Kennedy’s theorizing reveals a mind of great intelligence but makes it more difficult to strike bargains with him. O’Connor knew what she wanted as a specific outcome, so the liberal and conservative coalitions could make reasonable bids for her affections. Kennedy as a solo act poses the perennial Father’s Day dilemma: You know the old man needs something, but darned if you can put your finger on it.
Kennedy’s ruminations produce cases that have outcomes but no settled rationale. Thus, the scope of the Clean Water Act remains a mystery, beyond Kennedy’s requirement for some as-yet-undefined “significant nexus” to U.S. waters; the exclusionary rule does not apply in no-knock cases, but it should not be seen as “in doubt”; and Salim Ahmed Hamdan, the Guantanamo detainee, deserves a tribunal more jurisprudentially spiffy than the president’s military commissions because of the influence of the Geneva Convention, but it is “not necessary to decide” how to apply the convention.

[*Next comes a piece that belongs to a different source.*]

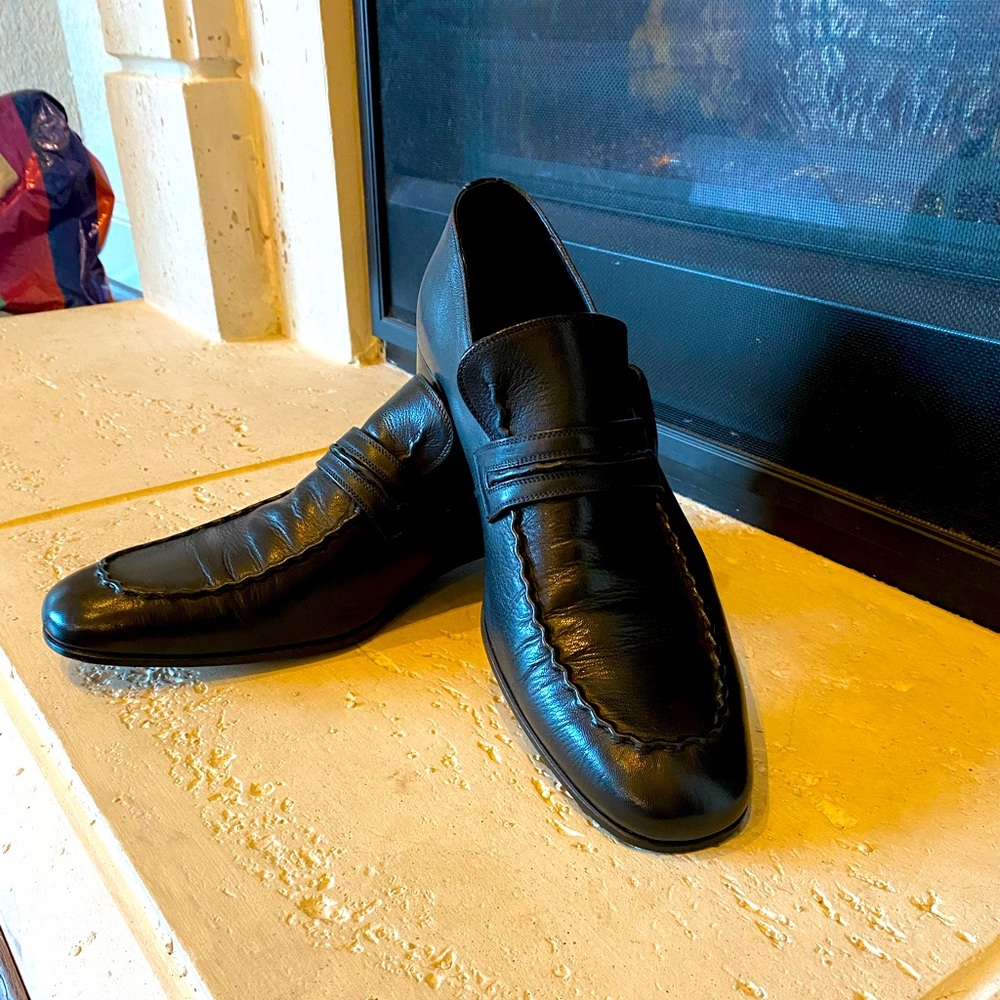 Black Gucci loafers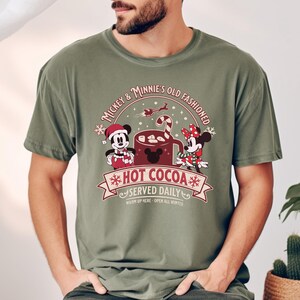 May include: Olive green t-shirt featuring a graphic of Mickey and Minnie Mouse with the text "Mickey & Minnie's Old Fashioned Hot Cocoa Served Daily". The design includes a mug of cocoa, snowflakes, and a candy cane.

If Kennedy by manner and approach chooses to do-si-do rather than lead the judicial dance, who then emerges as the dominant influence on the court? By virtue of seniority (and sheer intellectual feistiness), Justice John Paul Stevens, 86, is the organizing voice of the four-vote liberal view. Justices Antonin Scalia and Clarence Thomas remain the rock-solid right. Neither is sufficient to decide.

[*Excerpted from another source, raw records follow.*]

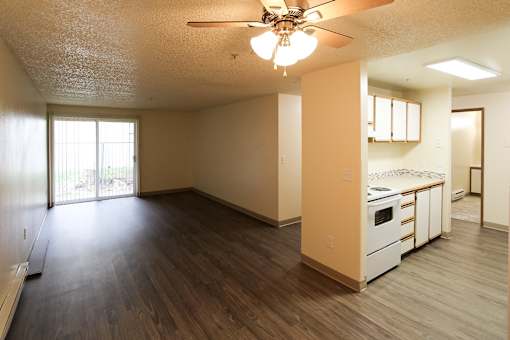 The living room with a ceiling fan and wooden flooring.
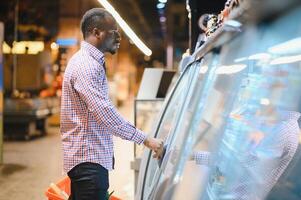 Afrikaanse Amerikaans Mens boodschappen doen in een supermarkt foto
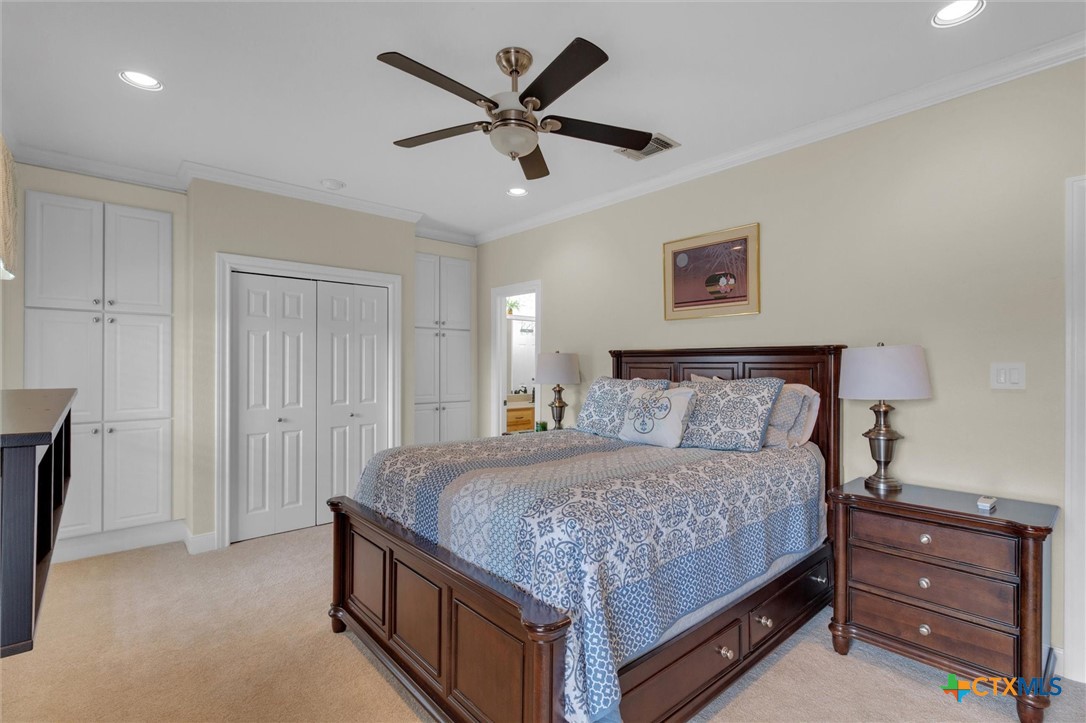 2235 Summit Ridge San Marcos, TX 78666 - Photo 26 of 38 a bedroom with a bed and a ceiling fan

That returns focus to the center seat. And, after a year, Roberts has had remarkable appeal in this position as the non-legislating umpire he described during his confirmation.

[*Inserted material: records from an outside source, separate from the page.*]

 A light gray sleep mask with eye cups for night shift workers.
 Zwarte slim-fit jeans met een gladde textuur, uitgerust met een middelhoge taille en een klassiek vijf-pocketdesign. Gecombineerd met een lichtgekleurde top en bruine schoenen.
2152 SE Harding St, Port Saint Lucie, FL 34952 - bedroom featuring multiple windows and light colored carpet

Roberts has a conservative mind but a diplomat’s nature. His abiding concern is to keep the court within bounds on legal, rather than ideological, grounds. Because that is so, he has the capacity to draw votes from both sides on controversial and pedestrian cases alike.
Consider just two examples: his unanimous opinion rejecting free speech and association claims against Congress’ Solomon Amendment mandating equal campus access for military recruiters; and his opinion for the full court rejecting, on procedural grounds, a challenge to tax credits favoring in-state investment.
Roberts’ collegial consensus-building here and elsewhere overwhelms Kennedy’s ability to deploy his swing vote. The impact of the new chief justice was especially influential because he and Justice Samuel A. Alito Jr., the newest addition to the bench, share the founding vision of a more limited role for the court and have great affinity for each other (close to 90% agreement this term).
The fractious finale of Hamdan vs. Rumsfeld, invalidating the president’s military commissions, obscures more than it reveals because there Roberts was sidelined by recusal and unable to urge his colleagues toward consensus -- or at least a more carefully tailored and clearly stated, not to mention succinct, opinion.
Roberts’ ability to influence justices across the spectrum of ideas suggests that the most apt modifier for the court is neither “Kennedy” nor “Roberts” but “open-minded.” The strengthening of this quality for the nation’s highest tribunal ought not to be missed by outworn efforts that either pigeonhole the court by partisan label or make it a cult of personality.